Yani, her birimin bu yazgıdaki açısını oluşturan algılama sistemine göre oluşmuş sübjektif bir evren algısı vardır.
Algı yetersizliğinden dolayı bizim çok boyutlu olduğunu zannettiğimiz evren, gerçekte Allâh ilmi olan Esmâ’sının açığa çıkış seyri için ilminde takdir edilmiş varlık yazgısı olup, buna tasavvufta boyutsuzluğundan dolayı NOKTA denmiştir.
NOKTA, Hz. Muhammed’in (s.a.v.) risâletinin hakikati olduğundan, ona Hakikat-i Muhammedî denmiş… Evrenin yazılım bilgisini bünyesinde barındırdığı için Akl-ı Evvel ismini almıştır.
NOKTA bir çekirdektir, içinde evrenin bilgi kodlarını (yazgısını yazılım olarak) holografik esasa göre bünyesinde barındıran… Ki kainat ağacı hiçbir zaman bilfiil o çekirdekten açığa çıkmamıştır. Sadece çekirdek içindeki yazgının içsel projeksiyonları, algılayanlarda kainatın çekirdekten açığa çıktığı sanısına yol açmıştır!. Gerçekte NOKTA, o ikincisi olmayan Tecellî-i Vahid’dir.
Bir heyula’dır (dev hologram), ki evren içre evrenler ve her birindeki sayısız türlerin oluşumu ve gelişimi… Tüm zamanlar ve mekanlar hep o çekirdeğin kendi içinde yaşanan hayalî yansımalardır. Tıpkı bir hologram gibi, bu hayalî yansımalar duyu araçlarına göre, sadece algıda hükmen vardır.
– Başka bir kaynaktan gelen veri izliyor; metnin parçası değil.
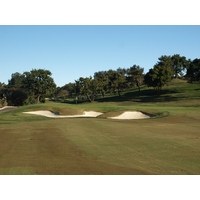 The sixth at Monarch Beach Golf Links is a 400-yard par 4.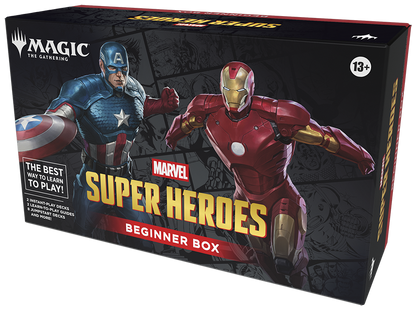 Magic The Gathering - Marvel Super Heroes - Beginner Box - Inglés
Bundan dolayı Şeyh-i Ekber Muhyiddin Arabî (k.s.) şöyle demiştir: “Ayan-ı sâbite vücud kokusu almamıştır!”
Hakikat bu olduğuna göre…
Her birim var oluş amacına uygun ortam ve şartlar içindedir… Çünkü aynı veya yakın dalga boyunda titreşen beyinler, birbirini çekerler.
“Herkes sevdiğiyle beraberdir” hadisi, anladığım kadarıyla aynı dalga boyunda seyredenlerin birbirlerini çekerek dünyalarına almalarıyla ilgilidir.
İstenmeyen ortam ve şartlara gelince… Bu da beynin bir müddet eşi, taşıyıcısı ve yerine göre de düşmanı olarak nitelenen biyolojik bedeniyle yaşama zorunluluğundan kaynaklanır. Zira bedenin tabiatının iktizası olan şeyler, insanı hakikatinin gereklerini yaşamaktan perdeler.
İmam-ı Rabbânî (k.s.) bu hususu Mektûbât’ında şöyle anlatır: “Dünya ve ahiret birbirlerinin kumasıdır; biri memnun olursa diğeri kızar.”
Beyni bedenin esiri olmuş bir kişinin gönlünün meyli bedenin istek ve arzularından yanadır. Tıpkı bir mıknatısın demiri kendine çekmesi gibi, beyni de gönlünün meylettiği dalgaları kendine çeker ve çektiği dalgalardaki bilgi ile dünyası ve kişiliği şekillenir.
Buna mukabil beyni Allâh’tan yana iş görenin gönlü de varlığın hakikati ve oluşum gerçeklerinden yana olup, dünyası ve kişiliği de tabî olarak buna göre şekillenir.